Karl.Fail

Tag: cwe-150

  • CVE-2025-47284: Critical Privilege Escalation in Gardener via Metadata Injection

    Overview

    On May 19, 2025, a critical security vulnerability was published under the identifier CVE-2025-47284, affecting the Gardener project—a tool used for the automated management of Kubernetes clusters as a service. The issue resides in the gardenlet component and poses a serious risk of privilege escalation due to improper handling of metadata injection.

    What is Gardener?

    Gardener is an open-source project developed by SAP that provides Kubernetes-as-a-Service by automating the provisioning and operation of Kubernetes clusters. It uses a control plane for each managed cluster and supports multi-cloud environments. A component called gardenlet is deployed on seed clusters to manage shoot clusters on behalf of users.

    Vulnerability Details

    The vulnerability arises from improper neutralization of escape, meta, or control sequences, classified as CWE-150. Specifically, metadata injection into project secrets can be exploited by an attacker with administrative privileges over a Gardener project. This enables the attacker to escalate their privileges and gain control over the seed clusters that host the shoot clusters for that project.

    All Gardener installations using the gardener/gardener-extension-provider-gcp module are affected.

    Technical Impact

    • CVSS v3.0 Score: 9.9 (Critical)
    • Attack Vector: Network
    • Attack Complexity: Low
    • Privileges Required: Low
    • User Interaction: None
    • Scope: Changed
    • Confidentiality, Integrity, and Availability Impact: High

    The vulnerability can be exploited remotely over the network and requires only low-level privileges within the Gardener project.

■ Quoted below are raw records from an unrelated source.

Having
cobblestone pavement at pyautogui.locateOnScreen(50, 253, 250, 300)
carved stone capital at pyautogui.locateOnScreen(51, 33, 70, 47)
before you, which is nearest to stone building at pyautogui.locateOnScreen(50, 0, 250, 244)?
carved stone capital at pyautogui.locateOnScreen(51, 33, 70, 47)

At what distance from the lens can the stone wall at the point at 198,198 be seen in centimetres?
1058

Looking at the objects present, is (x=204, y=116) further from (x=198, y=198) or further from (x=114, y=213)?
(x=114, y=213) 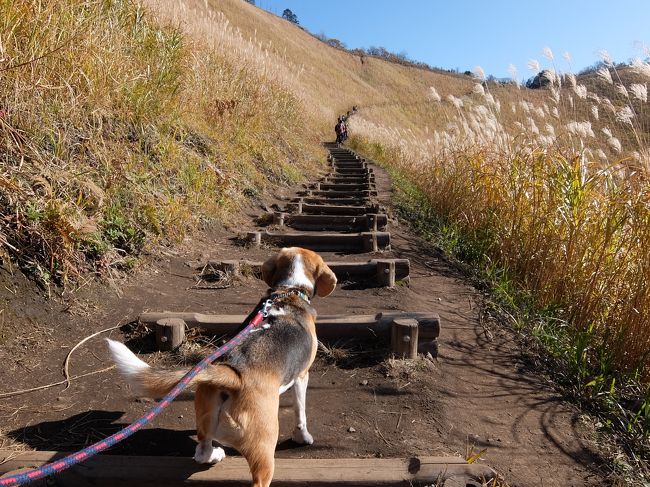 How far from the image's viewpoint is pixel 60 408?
275cm

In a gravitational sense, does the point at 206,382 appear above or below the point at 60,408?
above

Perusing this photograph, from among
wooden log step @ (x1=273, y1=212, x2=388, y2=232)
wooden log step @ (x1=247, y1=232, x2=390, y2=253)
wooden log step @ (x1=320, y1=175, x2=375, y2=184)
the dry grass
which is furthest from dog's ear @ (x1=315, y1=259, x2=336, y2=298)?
wooden log step @ (x1=320, y1=175, x2=375, y2=184)

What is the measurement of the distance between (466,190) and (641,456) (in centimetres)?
472

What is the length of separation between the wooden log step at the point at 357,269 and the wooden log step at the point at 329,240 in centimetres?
93

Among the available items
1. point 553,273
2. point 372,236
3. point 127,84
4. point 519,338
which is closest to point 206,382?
point 519,338

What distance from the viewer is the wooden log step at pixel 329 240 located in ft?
19.6

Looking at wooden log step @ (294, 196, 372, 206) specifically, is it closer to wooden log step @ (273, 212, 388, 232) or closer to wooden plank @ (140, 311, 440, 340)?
wooden log step @ (273, 212, 388, 232)

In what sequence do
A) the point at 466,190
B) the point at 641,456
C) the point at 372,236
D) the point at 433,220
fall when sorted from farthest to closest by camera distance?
the point at 433,220, the point at 466,190, the point at 372,236, the point at 641,456

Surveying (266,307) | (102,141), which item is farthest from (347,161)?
(266,307)

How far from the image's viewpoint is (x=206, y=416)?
6.94 feet

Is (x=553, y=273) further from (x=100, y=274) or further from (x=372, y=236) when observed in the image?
(x=100, y=274)

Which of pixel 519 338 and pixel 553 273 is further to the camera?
pixel 553 273

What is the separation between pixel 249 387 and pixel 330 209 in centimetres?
585

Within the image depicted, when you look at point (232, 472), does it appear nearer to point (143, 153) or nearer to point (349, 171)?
point (143, 153) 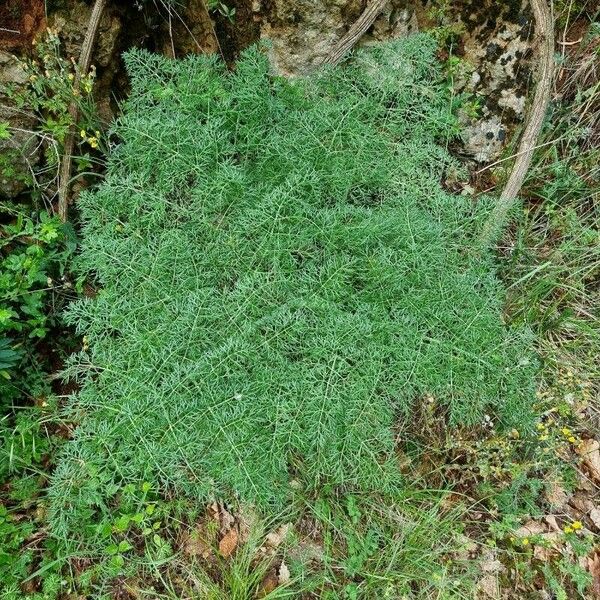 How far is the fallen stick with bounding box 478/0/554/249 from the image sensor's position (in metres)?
2.60

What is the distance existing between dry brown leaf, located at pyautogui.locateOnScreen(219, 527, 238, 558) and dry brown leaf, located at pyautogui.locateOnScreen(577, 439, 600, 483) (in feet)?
5.68

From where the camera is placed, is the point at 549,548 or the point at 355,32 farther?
the point at 355,32

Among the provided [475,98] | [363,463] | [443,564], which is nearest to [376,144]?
[475,98]

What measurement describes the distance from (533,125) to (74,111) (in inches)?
91.9

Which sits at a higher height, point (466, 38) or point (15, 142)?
point (15, 142)

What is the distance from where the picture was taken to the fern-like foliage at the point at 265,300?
215 cm

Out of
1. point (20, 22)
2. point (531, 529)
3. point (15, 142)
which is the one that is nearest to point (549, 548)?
point (531, 529)

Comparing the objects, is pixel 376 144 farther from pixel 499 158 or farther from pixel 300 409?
pixel 300 409

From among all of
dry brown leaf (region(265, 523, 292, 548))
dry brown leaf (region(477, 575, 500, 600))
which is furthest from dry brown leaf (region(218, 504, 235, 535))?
dry brown leaf (region(477, 575, 500, 600))

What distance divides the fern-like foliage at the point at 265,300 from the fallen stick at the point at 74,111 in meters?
0.21

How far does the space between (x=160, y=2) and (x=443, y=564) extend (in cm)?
294

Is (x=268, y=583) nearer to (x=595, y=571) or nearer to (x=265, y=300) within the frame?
(x=265, y=300)

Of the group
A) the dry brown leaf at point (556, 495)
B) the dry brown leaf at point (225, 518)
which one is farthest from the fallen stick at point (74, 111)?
the dry brown leaf at point (556, 495)

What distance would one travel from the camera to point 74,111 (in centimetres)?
253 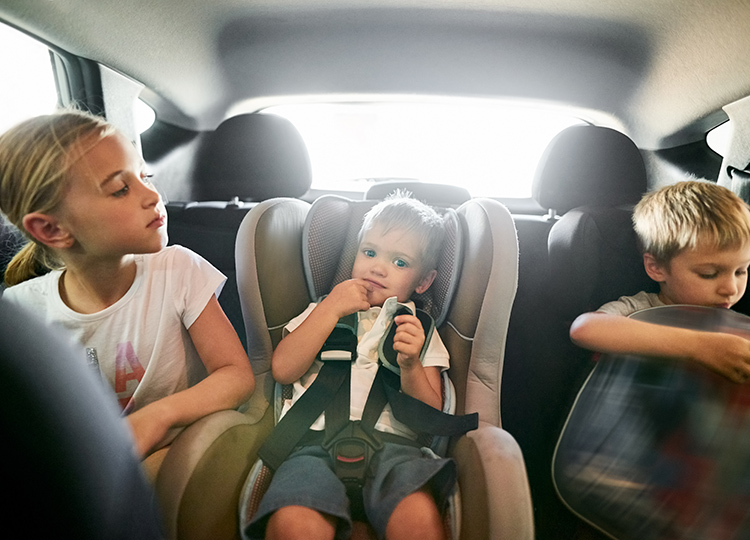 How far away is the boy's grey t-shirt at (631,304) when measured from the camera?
94 centimetres

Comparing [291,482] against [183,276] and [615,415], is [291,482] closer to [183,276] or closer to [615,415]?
[183,276]

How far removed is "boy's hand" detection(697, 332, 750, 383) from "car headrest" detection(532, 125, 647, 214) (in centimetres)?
61

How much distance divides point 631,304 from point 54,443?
3.39 feet

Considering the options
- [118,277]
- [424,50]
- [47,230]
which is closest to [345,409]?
[118,277]

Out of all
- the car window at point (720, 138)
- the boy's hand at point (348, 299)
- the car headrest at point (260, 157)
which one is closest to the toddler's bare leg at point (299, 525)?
the boy's hand at point (348, 299)

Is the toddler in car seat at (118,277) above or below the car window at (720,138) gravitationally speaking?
below

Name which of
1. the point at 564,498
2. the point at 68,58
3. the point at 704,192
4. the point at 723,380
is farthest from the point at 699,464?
the point at 68,58

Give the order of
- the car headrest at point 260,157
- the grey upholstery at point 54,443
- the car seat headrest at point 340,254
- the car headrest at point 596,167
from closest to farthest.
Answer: the grey upholstery at point 54,443
the car seat headrest at point 340,254
the car headrest at point 596,167
the car headrest at point 260,157

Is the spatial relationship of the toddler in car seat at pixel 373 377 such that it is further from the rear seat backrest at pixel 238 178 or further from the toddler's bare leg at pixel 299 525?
the rear seat backrest at pixel 238 178

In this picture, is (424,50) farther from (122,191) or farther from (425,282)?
(122,191)

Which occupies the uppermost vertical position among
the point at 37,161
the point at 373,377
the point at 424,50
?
the point at 424,50

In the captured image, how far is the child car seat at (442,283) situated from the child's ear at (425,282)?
0.02m

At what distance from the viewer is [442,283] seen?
1002 millimetres

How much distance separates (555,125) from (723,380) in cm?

No user interaction is required. Once exploited, the attacker can manipulate critical cluster management operations and compromise the integrity and availability of managed Kubernetes environments.

    Affected Versions

    • Gardener versions < 1.116.4
    • Gardener 1.117.0 to < 1.117.5
    • Gardener 1.118.0 to < 1.118.2

    Versions 1.116.4, 1.117.5, 1.118.2, and 1.119.0 contain patches addressing this issue.

    Mitigation

    It is strongly recommended that users upgrade to the latest patched versions of Gardener as listed above. Immediate action is required for any deployments using the vulnerable gardener-extension-provider-gcp module.

    Conclusion

    CVE-2025-47284 underscores the importance of secure metadata handling in cloud-native platforms. With a near-maximum CVSS score and the potential for full cluster compromise, this flaw should be addressed promptly by all affected users. For more details, refer to the GitHub security advisory.